- Occupation: Weaver

= Alexander Bailey Richmond =

British government spy

Alexander Bailey Richmond (fl. 1809–1834) was a British government spy.

==Biography==
Richmond was by trade a weaver. In early life he lived in Ireland, where the distress of the people made a lasting impression on him. Between 1809 and 1812, when living at Pollockshaws in Renfrewshire, he took a leading part in an agitation for the raising of wages in the weaving trade. In January 1812, at a conference in the Glasgow council chamber between representatives of the masters and the operatives, Richmond was the chief spokesman of the latter. During these meetings, according to Richmond's account, the first overtures were made to him on behalf of government by Kirkman Finlay, a leading Glasgow capitalist. The Glasgow conference proved fruitless, and Richmond and the operatives, by the advice of their counsel, Jeffrey and Henry Cockburn, vainly applied to the law courts to put pressure on the magistrates to fix wages in accordance with an existing statute. At the end of 1812 a strike was resolved on and was conducted by Richmond with great ability; it was for several weeks general throughout the Scottish weaving trade; but in February 1813 it suddenly collapsed. In December 1812 Richmond was arrested on a charge of instigating the strike, and sent to Paisley gaol, but liberated on bail after an eight hours' examination. He undertook to arrange a compromise, and dissuaded the strikers from violence. Nevertheless, on 9 March 1813, Richmond and other strike leaders were prosecuted for combination and conspiracy. Under the advice of Jeffrey and Cockburn, Richmond did not appear and was outlawed. He fled by way of Lancashire to Dublin, but returned to Scotland early in 1814, after being assured that he should be let alone if he kept quiet. The outlawry was not reversed. In March 1815 he surrendered to the sheriff of Renfrewshire, and on 26 June, having pleaded guilty to the bulk of the indictment, was sentenced to a month's additional imprisonment pro forma.
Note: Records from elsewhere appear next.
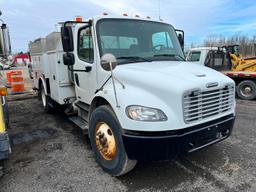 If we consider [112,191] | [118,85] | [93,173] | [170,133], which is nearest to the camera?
[170,133]

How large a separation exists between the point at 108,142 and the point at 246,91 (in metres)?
7.80

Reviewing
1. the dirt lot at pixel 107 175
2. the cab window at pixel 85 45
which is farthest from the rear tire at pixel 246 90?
the cab window at pixel 85 45

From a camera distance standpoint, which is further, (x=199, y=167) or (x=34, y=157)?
(x=34, y=157)

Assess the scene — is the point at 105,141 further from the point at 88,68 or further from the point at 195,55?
the point at 195,55

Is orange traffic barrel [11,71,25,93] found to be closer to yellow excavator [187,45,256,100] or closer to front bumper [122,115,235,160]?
yellow excavator [187,45,256,100]

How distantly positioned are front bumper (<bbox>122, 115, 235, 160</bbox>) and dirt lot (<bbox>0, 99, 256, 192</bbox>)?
56cm

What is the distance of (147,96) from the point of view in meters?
2.76

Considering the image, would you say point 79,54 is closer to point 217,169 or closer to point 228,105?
point 228,105

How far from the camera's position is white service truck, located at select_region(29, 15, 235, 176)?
104 inches

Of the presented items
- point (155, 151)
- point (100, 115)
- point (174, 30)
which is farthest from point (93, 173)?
point (174, 30)

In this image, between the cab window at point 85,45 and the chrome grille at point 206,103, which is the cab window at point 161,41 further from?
the chrome grille at point 206,103

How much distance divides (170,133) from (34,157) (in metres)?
2.61

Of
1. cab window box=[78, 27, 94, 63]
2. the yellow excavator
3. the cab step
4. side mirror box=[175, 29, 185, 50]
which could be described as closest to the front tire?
the cab step

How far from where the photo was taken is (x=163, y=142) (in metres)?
2.61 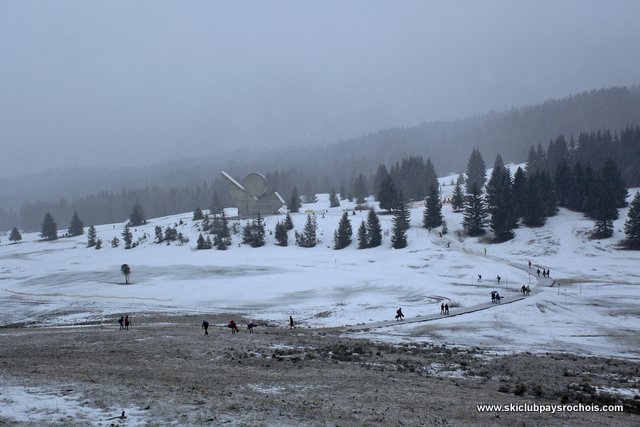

In the spring of 1816, with capital lent him by Jeffrey, Cockburn, and others, he set up in Glasgow a warehouse for the sale of cotton and silk goods, and at the end of the year was introduced by Kirkman Finlay, the sitting member for Glasgow, to Robert Owen of New Lanark. The latter offered him the post of assistant schoolmaster, but retracted the offer when he became aware of Richmond's political opinions. In the meantime Richmond claimed to have been employed by Finlay in suppressing in Glasgow an alleged "reform" conspiracy against the government. In December 1816, while he rejected an offer from the government of "a respectable and permanent situation," he promised, on condition that no publicity were ever given to his action, to prevent any outbreak on the part of the Glasgow conspirators. On 22 February 1817 all the members of the reform committee were suddenly arrested, without his having been consulted. Richmond, according to his own account, was indignant, and offered to give evidence for the defence. A suspicion got abroad that he had manufactured the whole plot.

In May 1818 he refused the government's offer, made to him through Finlay, of a grant of land at the Cape and an outfit in return for his services. In February 1821 he accepted a sum of money, and, owing to the universal feeling against him in Glasgow, removed to Edinburgh. In 1824 Richmond published an able defence of his conduct, which, according to Cockburn, has "a general foundation of truth in it." A second edition appeared next year. In 1825 Hugh Dickson, a Glasgow weaver, held him up to derision as a contemptible informer in a pamphlet which was embodied in 1833 in "An Exposure of the Spy System in Glasgow, 1816–1820." "Tait's Edinburgh Magazine" noticed the "Exposure" favourably, and Richmond prosecuted for libel Tait's London agents, Simpkin & Marshall. The trial took place on 20 and 22 December 1834 in the court of exchequer, Guildhall, before Baron Pack and a special jury. Richmond, who claimed 5,000l. damages, conducted his own case. He described himself as a London parliamentary agent. In the previous year, he declared, he had served as a soldier at Antwerp. He spoke for four hours with some ability, but was nonsuited. Notwithstanding the issue of the trial, Jeffery and Cockburn still expressed approval of Richmond's conduct, and the latter spoke of his "gentleness and air of melancholy thoughtfulness." Talfourd, who was counsel for the defence, told Cockburn he hated Richmond "the spy" equally with "the English courts, Tam Campbell and Brougham" (Cockburn, Circuit Journeys, p. 33).

A portrait is prefixed to the "Exposure".